Your copy should begin at the line containing "Securely share photos" and end at the last line of the records below, matching each line exactly and leaving out pictures.

(Beginning of Data in this exercise)

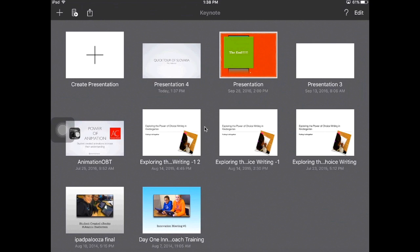Today I'm going to do a short tutorial on Keynote so that you can learn some of the basics. The first thing you need to do is open up Keynote until you get to the screen that I'm on.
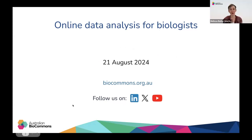Hello everyone and welcome to this Australian Biocommons workshop on online data analysis for biologists. My name is Melissa Burke, I'm the Australian Biocommons training manager and I'll be your host for today.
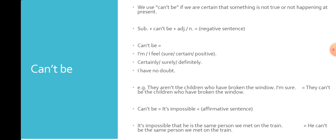For example: They aren't the children who have broken the window, I'm sure. We can replace verb to be and say: They can't be the children who have broken the window. Can't be also replaces it's impossible but in the affirmative sentence.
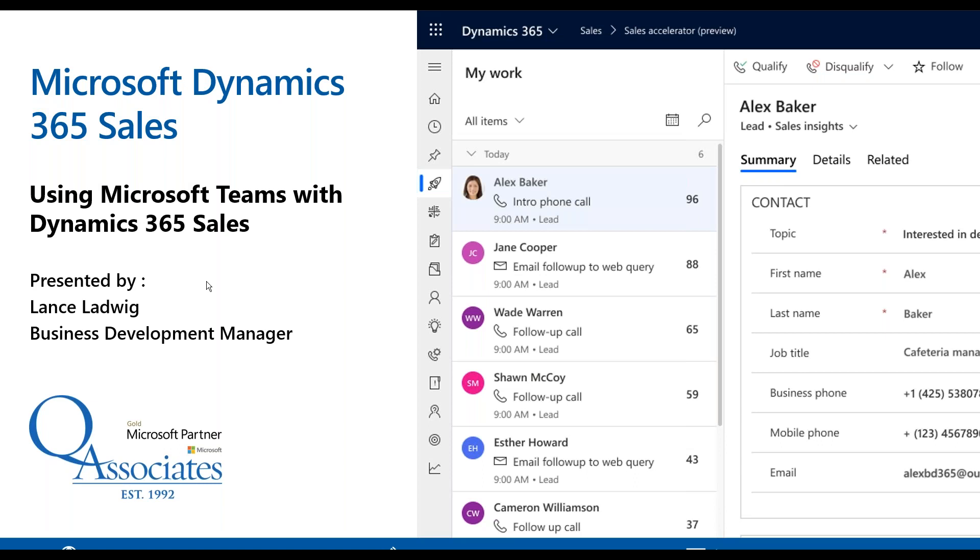Hello everyone and thank you for joining us today. My name is Lance Ladwig. I'm the business development manager here at Q Associates focusing mostly on Dynamics 365 CRM, which would be sales, field service, customer service and so forth.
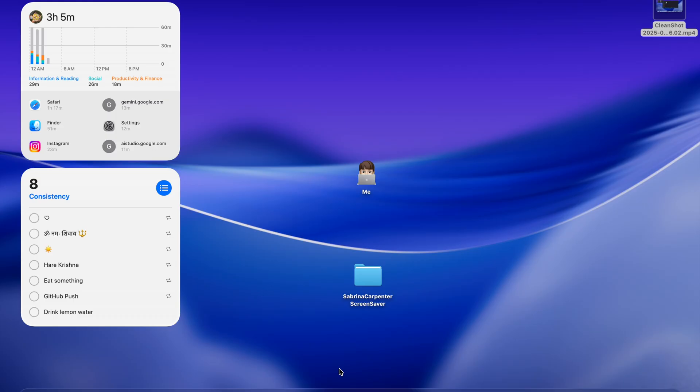In earlier versions of Mac, in earlier OS of Mac, like Mac OS Ventura and Mac OS Sequoia, it was easy to set the screen saver. We just downloaded our screen saver, converted it to the MOV format that Apple supports.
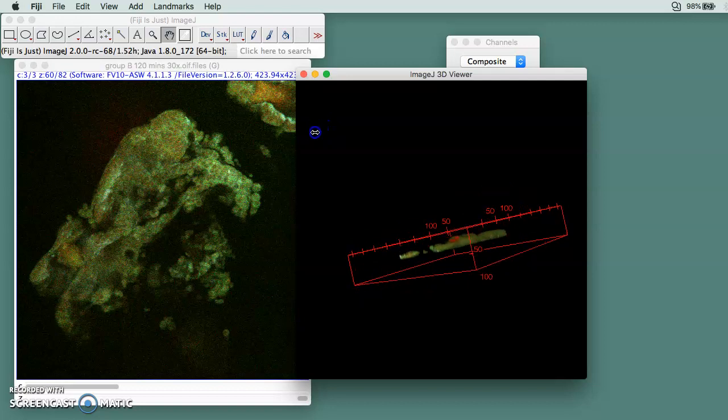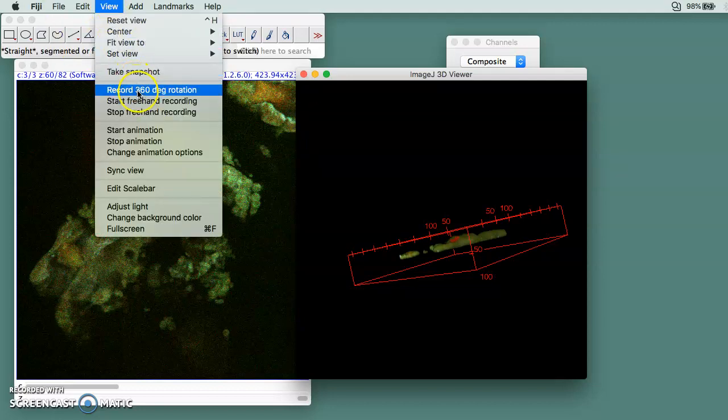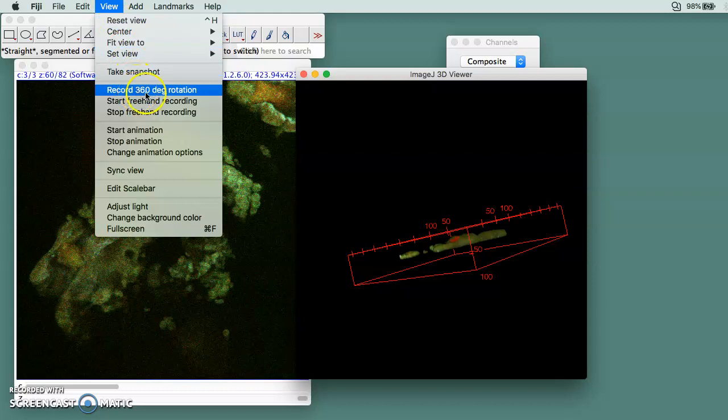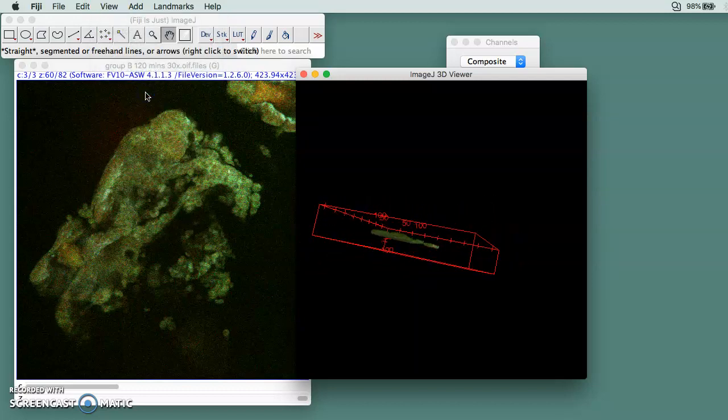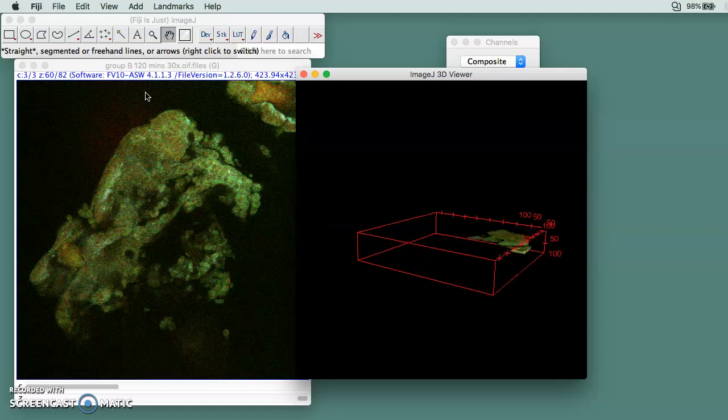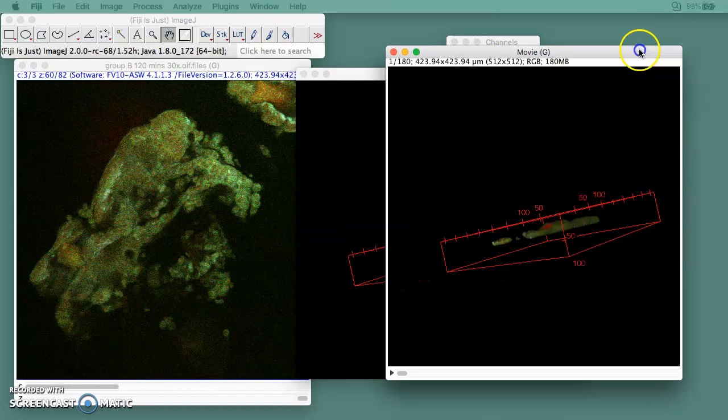If you want to save it as a video, you go to View and then you do Record 360 Degree Rotation, and it's going to create a movie.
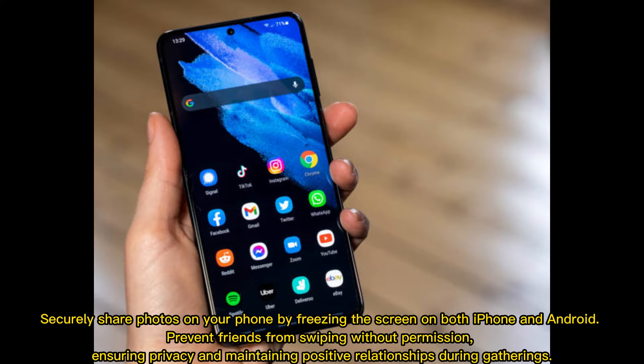Securely share photos on your phone by freezing the screen on both iPhone and Android. Prevent friends from swiping without permission, ensuring privacy and maintaining positive relationships during gatherings.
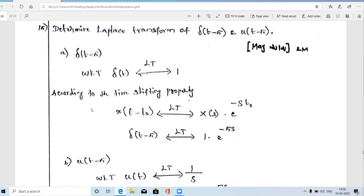To solve this problem you should know the time shifting property of Laplace transform. We already studied the time shifting property of Fourier transform — the same property applies. The difference between Fourier transform and Laplace transform is that in Fourier transform the variable is jω, while in Laplace transform in place of jω we put s. The Laplace transform of δ(t) is 1 — that is the standard answer.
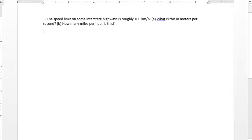Let's take a look at this problem. The speed on some interstate highway is roughly 100 kilometers per hour. What is this in meters per second is part A, and part B is how many miles per hour is this. So let's start with part A.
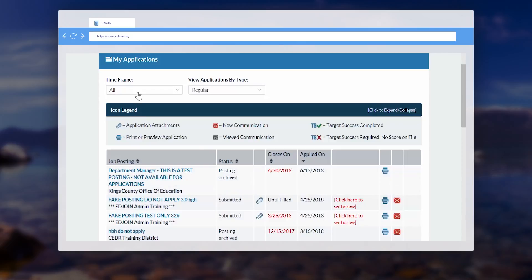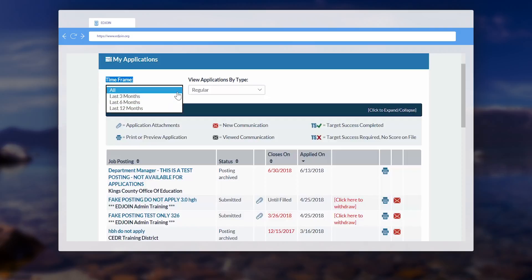First, use the time frame function that is located under the My Application section. This will assist you in filtering the list of job postings to display from the last 3, 6, and 12 months.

(End of Data in this exercise)

Answer to the problem -
Securely share photos on your phone by freezing the screen on both iPhone and Android. Prevent friends from swiping without permission, ensuring privacy and maintaining positive relationships during gatherings.
To solve this problem you should know the time shifting property of Laplace transform. We already studied the time shifting property of Fourier transform — the same property applies. The difference between Fourier transform and Laplace transform is that in Fourier transform the variable is jω, while in Laplace transform in place of jω we put s. The Laplace transform of δ(t) is 1 — that is the standard answer.
Let's take a look at this problem. The speed on some interstate highway is roughly 100 kilometers per hour. What is this in meters per second is part A, and part B is how many miles per hour is this. So let's start with part A.
First, use the time frame function that is located under the My Application section. This will assist you in filtering the list of job postings to display from the last 3, 6, and 12 months.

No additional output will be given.